Highlights & Insights

  • The asymmetric token + prototype concatenation is the most ingenious design: it encodes "what the item is" and "its current class estimate" in a fixed dimension, allowing the Transformer to perform both instance reasoning and cross-class comparison.
  • The philosophy of "Semantics to Transformer, Structure to simple Encoder" is a valuable design principle for LLM-free GFMs: concentrating learnable parameters where they "understand" logic aids generalization.
  • Migration of TabPFN logic (causal mask + ensemble) to graphs: This recognizes graphs as structured data, suggesting we can borrow aggressively from tabular ICL rather than reinventing graph-specific mechanisms from scratch.
  • Inference-only MPLP labeling for Link Prediction: Fixing the 1-WL expressiveness gap during inference rather than in the backbone preserves the simplicity of a "one-model-multi-task" architecture.

Limitations & Future Work

  • Task Scope: Currently limited to N-way K-shot classification; regression, generation, and node ranking are not yet covered.
  • Complexity with Support Set Size: Attention complexity is \(O((NK+Q)^2)\); while efficient for 1/5-shot, it may become a bottleneck for large K.
  • Performance on WikiCS: GILT's 1-shot performance is lower than GraphAny, which might suggest that ICL is less stable on extremely noisy or highly heterophilic graphs compared to simpler non-parametric methods.
  • Heterophily Assumption: Linear GCNs (SGC/APPNP) act as the structural prior, which may fail on heterophilic graphs where more complex priors are needed.
  • vs.
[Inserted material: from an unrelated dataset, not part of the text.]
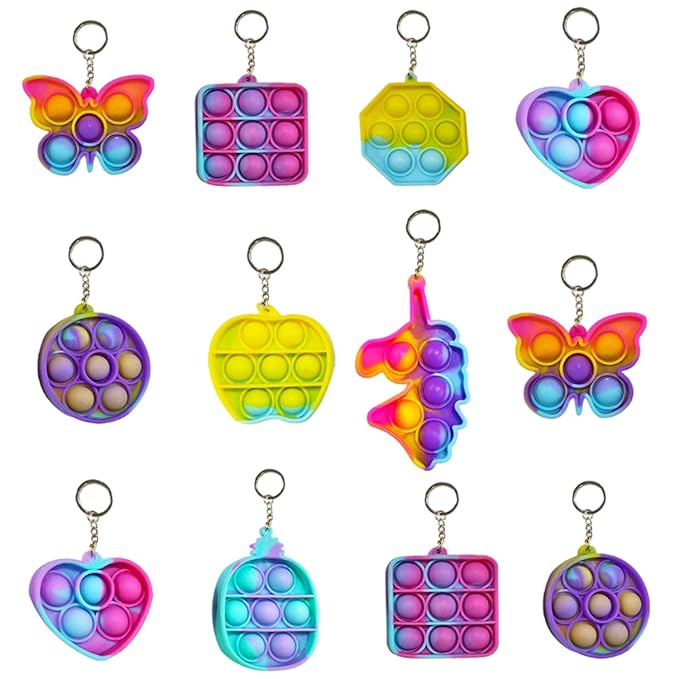 Party Propz Pop It Pop Keychain - Return Gifts for Birthday Celebration for Kids | Pop it Keychain Fidget Toys for Kids | Stress Relief Bubble Key Ring for Kids and Adults | Pop it Key ring Mytrendzcart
OFA: OFA uses prompt graphs to connect support samples into virtual nodes for GNN forward inference; GILT uses Transformers on token sets, offering stronger cross-task unification (Node 1-shot Cora 30.52 vs 56.36).
  • vs. GraphAny: GraphAny is tuning-free but limited to node classification; GILT generalizes ICL to node/link/graph tasks with a more expressive end-to-end trainable deep network.
  • vs. GCOPE/RiemannGFM: These rely on downstream tuning; GILT is stronger on many datasets without any tuning and is 100+ times faster.
  • vs. ZeroG/GOFA: These rely on LLMs for zero-shot text-based inference; GILT's 5-shot numerical performance suggests LLMs might be a burden rather than a necessity for text-poor graphs.

Rating

  • Novelty: ⭐⭐⭐⭐ First GFM to achieve LLM-free + tuning-free across node/link/graph tasks simultaneously.
  • Experimental Thoroughness: ⭐⭐⭐⭐ Covers various tasks and baselines, though lacks stress tests for extreme N/K or heterophily.
  • Writing Quality: ⭐⭐⭐⭐ Clear motivation and well-justified design choices.
  • Value: ⭐⭐⭐⭐ Directly benefits latency-sensitive industrial graph tasks and provides a reusable template for graph ICL.